5. Ignore the competition: they ignore their competitors such as Gulf Air Company GSC, Air
France, Lufthansa AG, British Airways, and Qatar Airways Group.
6. Identify only the Elite customer category.
Answer 3:
Due to declining in fuel prices around the world, the airline company will be focused on cost
conscious customers by declining fuel prices. Because customers who are very cost conscious
will be attracted by lowering ticket prices.
Many airlines’ companies hedge risks of price fluctuations on operating costs, they verge a
percentage of fuel quantity for future needs 1 to 2 years in advance by making contracts of jet
fuel or crude oil from oil future markets or banks. When oil prices go down, options are
better to utilize at that point.
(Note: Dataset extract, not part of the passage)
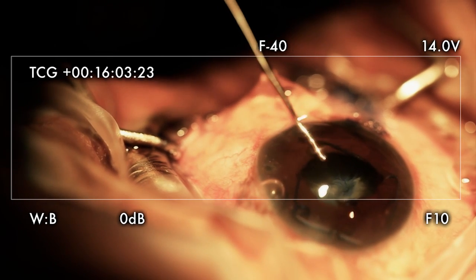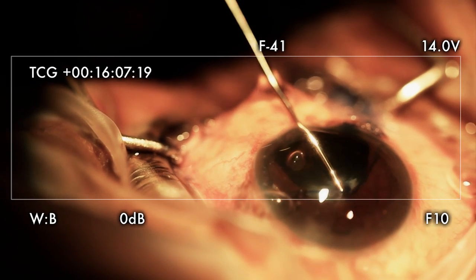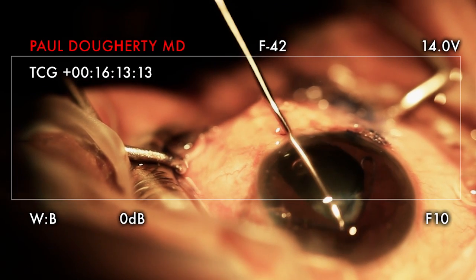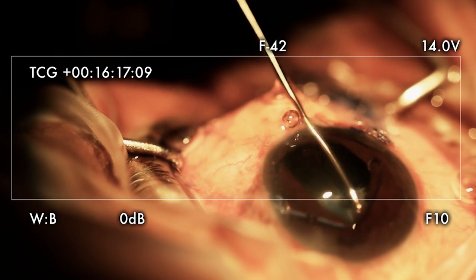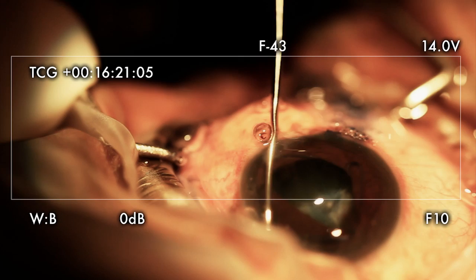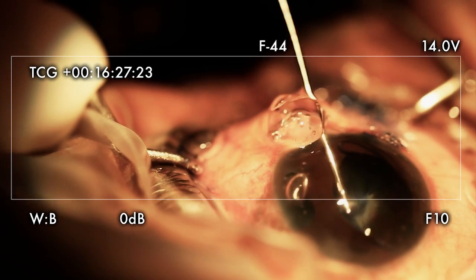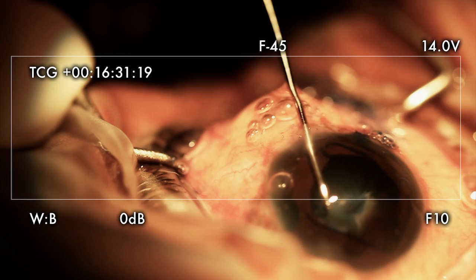She's moaning in pain. She's having a lot of iris pain. Come on, get in there. She's having a lot of iris pain.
Because it is quite cheaper to hedge forwards and get price
protections if prices go up, but if you go for premiums for options you may also retain the
potential from lower oil prices earlier and immediate.
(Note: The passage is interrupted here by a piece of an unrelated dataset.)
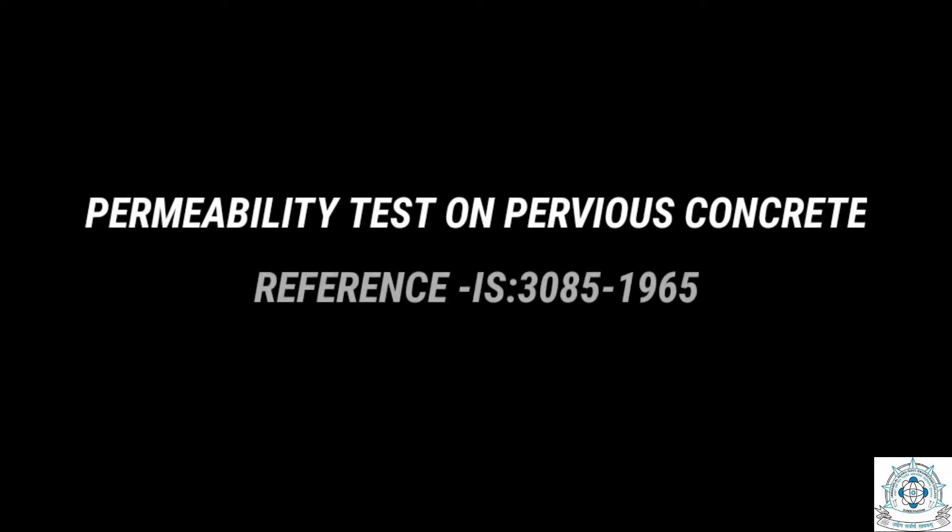In this video we are going to learn how to perform a permeability test on pervious concrete with reference to IS 3085 1965.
Profit margins can be eroded out or slowed by risked slower growth in the coming years as
high investments in offering premium class services and offering new planes.
The human resources of company are already lean and it is most cost effective than other cost
components and this surely mean that its prices of tickets are very competitive already.
Although, it does not seem that Emirates will change its business strategy as this strategy has
led them to earn nonstop profits for 26 years.
In addition, Emirates is one of the well-known airlines company, so they should now look
into different market segments like targeting business professionals or target lower class
segment which they have a very strong ground knowledge. For example, they can work on
retaining current flight ticket prices and attach compliment such as ticket at discounted rates
to their affiliated hotels. Instead of competing in ticket prices of airline which is mainly
determined by
oil prices whether go u or down, they could offer various stop over packages at
the major destinations which includes airport transfer and accommodation at their hotels.
This could bring new competition in the market by targeting a new market segment and this
is not direct competition with other airline companies.